WHAT YOU SHOULD DO: Output the lines from the one holding "8 марта, поздравление" to the end of the entries that follow, exactly and only those, minus any pictures.

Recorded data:
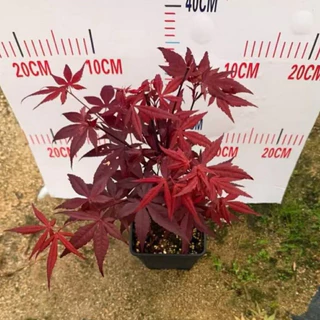 11/8/26 นำเข้าจากจีน เมเปิ้ลญี่ปุ่น สีแดง(Japanese Maple) โดยเฉพาะสายพันธุ์ที่มีใบสีแดงเช่น Deshojo หรือ Beni-Maiko30cm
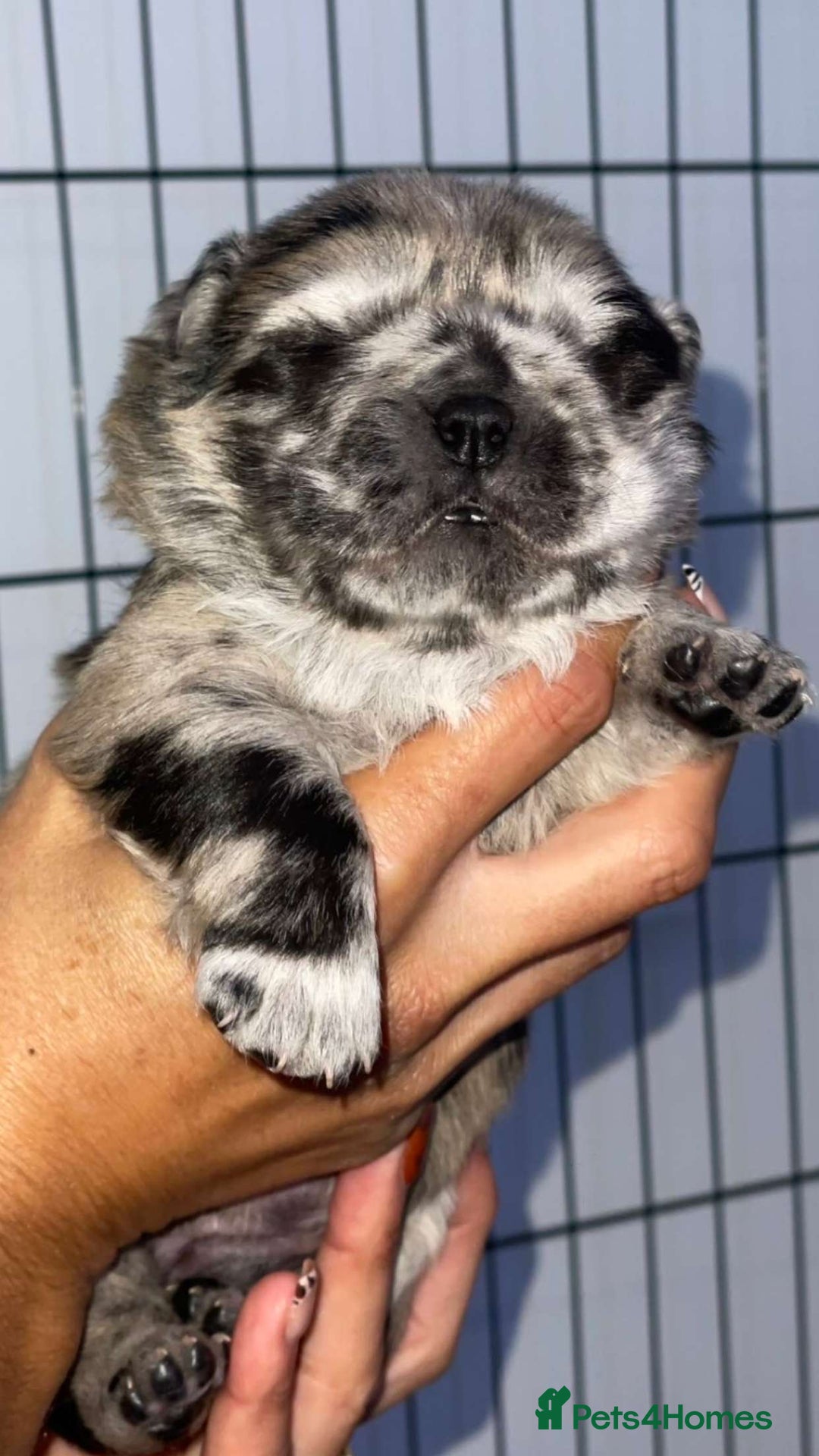 Chow Chow dogs for sale: 🐾TOP QUALITY CHOW CHOWS🐾 - Image 6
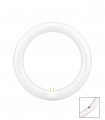 TUBO CIRCULAR LED 215 MM. 14W 6500K 220V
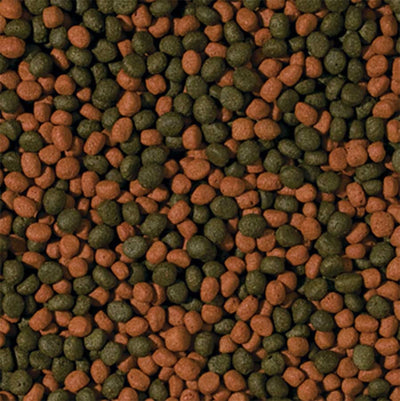 Tropical Cichlid Carnivore Pellets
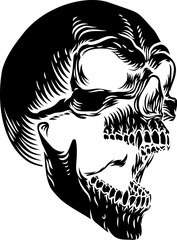 A scary skull skeleton head vampire grim reaper Halloween illustration in a vintage woodcut etching style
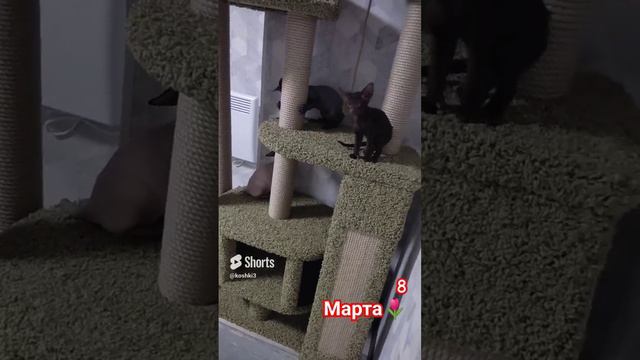 8 марта, поздравление от хвостатый#восьмое марта#канадскиесфинксы #котята #поздравление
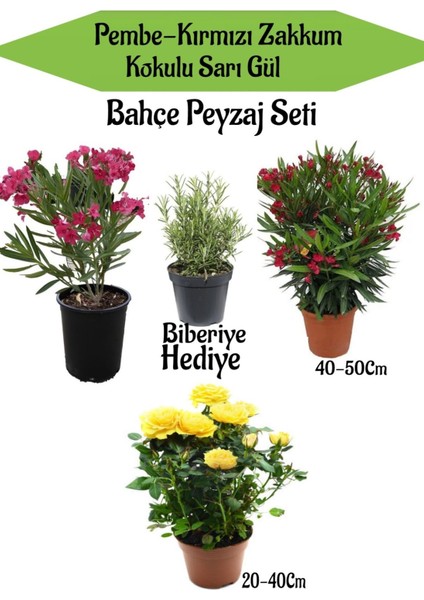 Bahçe Seti 1 Adet Pembe 1 Adet Kırmızı Zakkum+ 1 Adet Sarı Gül+ Hediye Biberiye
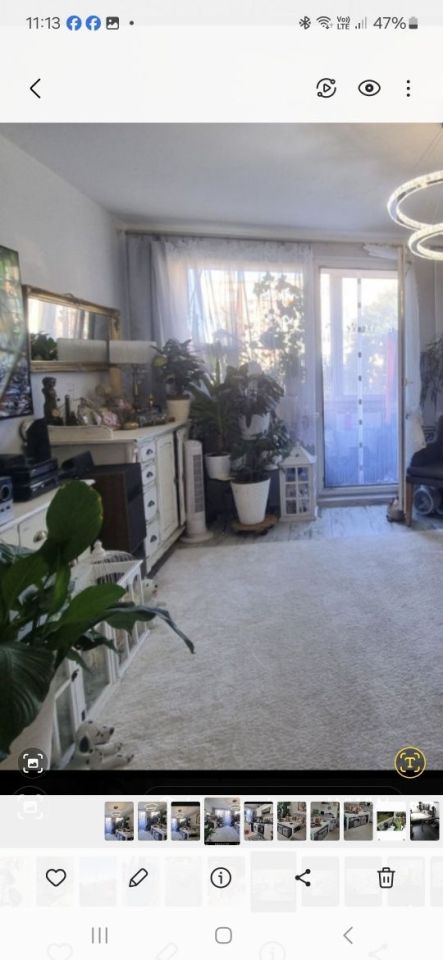 Mieszkanie 3-pokojowe Jelenia Góra Cieplice Śląskie-Zdrój. Zdjęcie 2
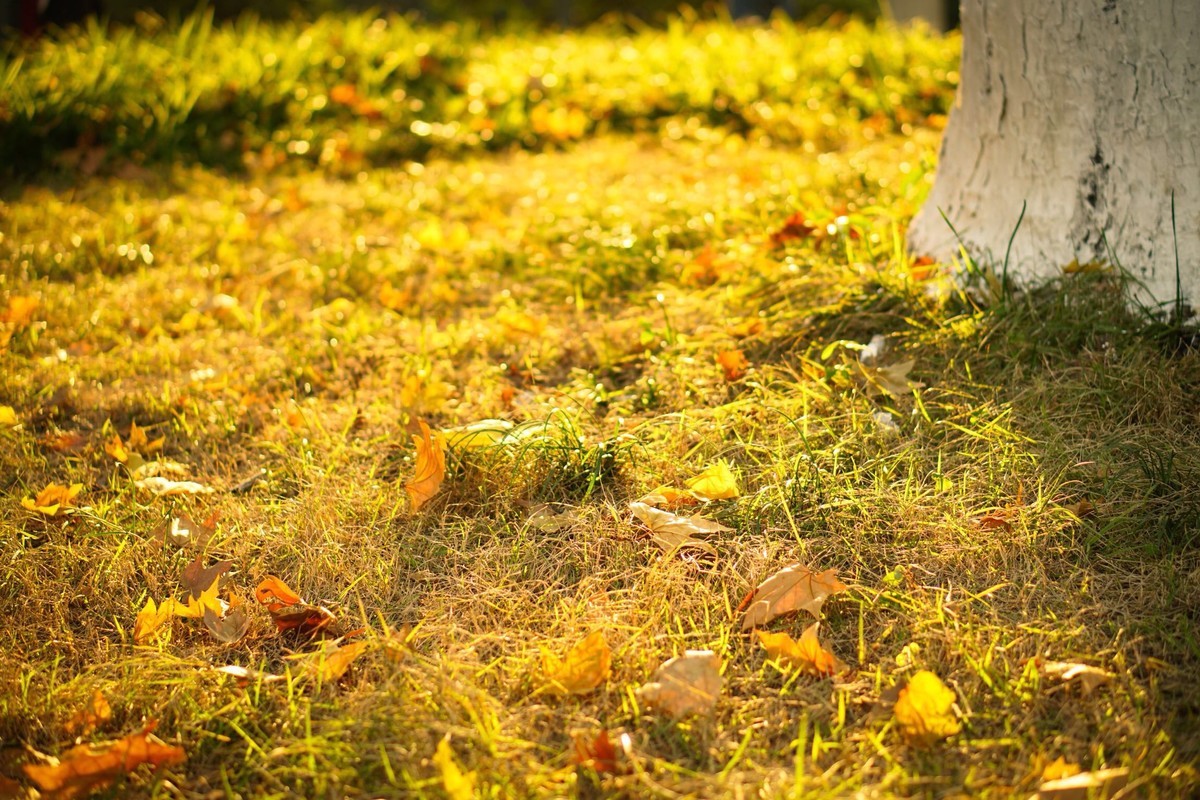 索尼A6300记录生活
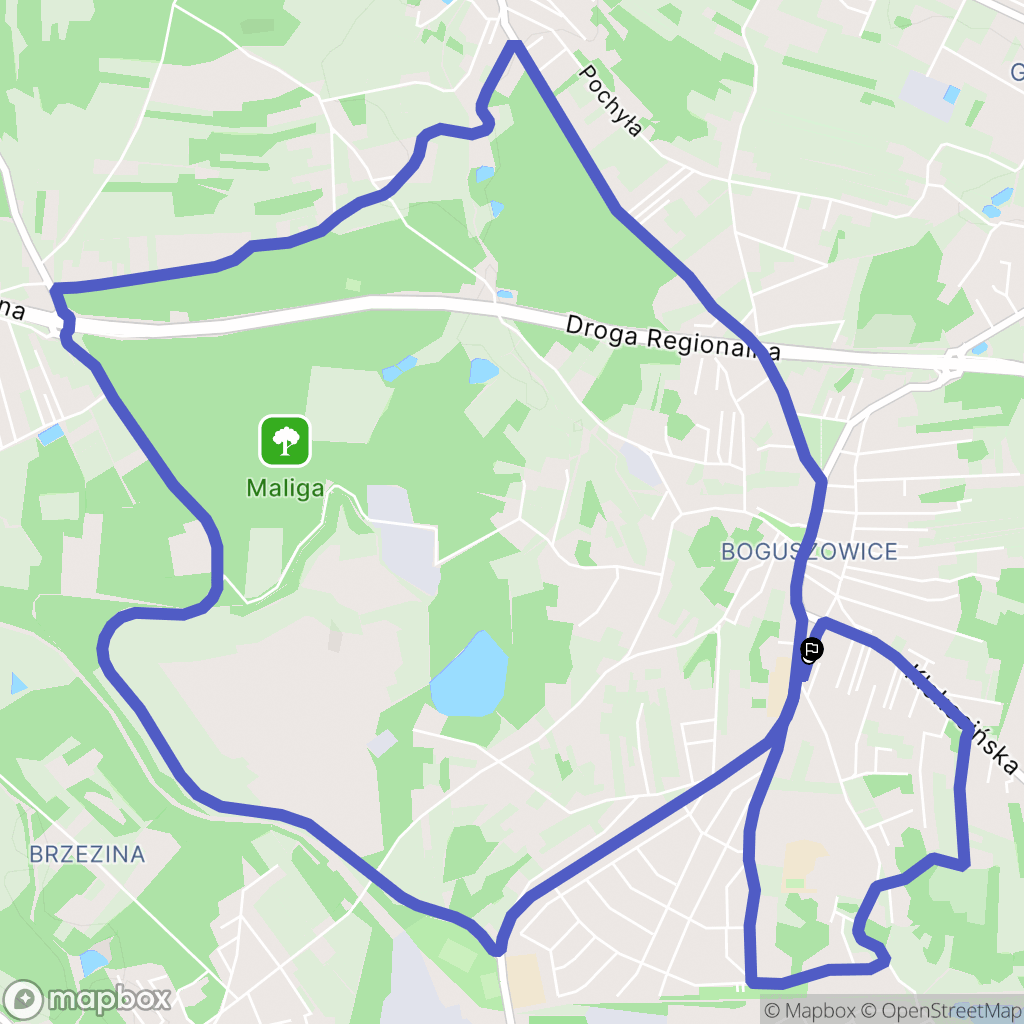 Rybnik: mapa trasy - Poland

COMPLETED EXERCISE:
 8 марта, поздравление от хвостатый#восьмое марта#канадскиесфинксы #котята #поздравление
 Bahçe Seti 1 Adet Pembe 1 Adet Kırmızı Zakkum+ 1 Adet Sarı Gül+ Hediye Biberiye
 Mieszkanie 3-pokojowe Jelenia Góra Cieplice Śląskie-Zdrój. Zdjęcie 2
 索尼A6300记录生活
 Rybnik: mapa trasy - Poland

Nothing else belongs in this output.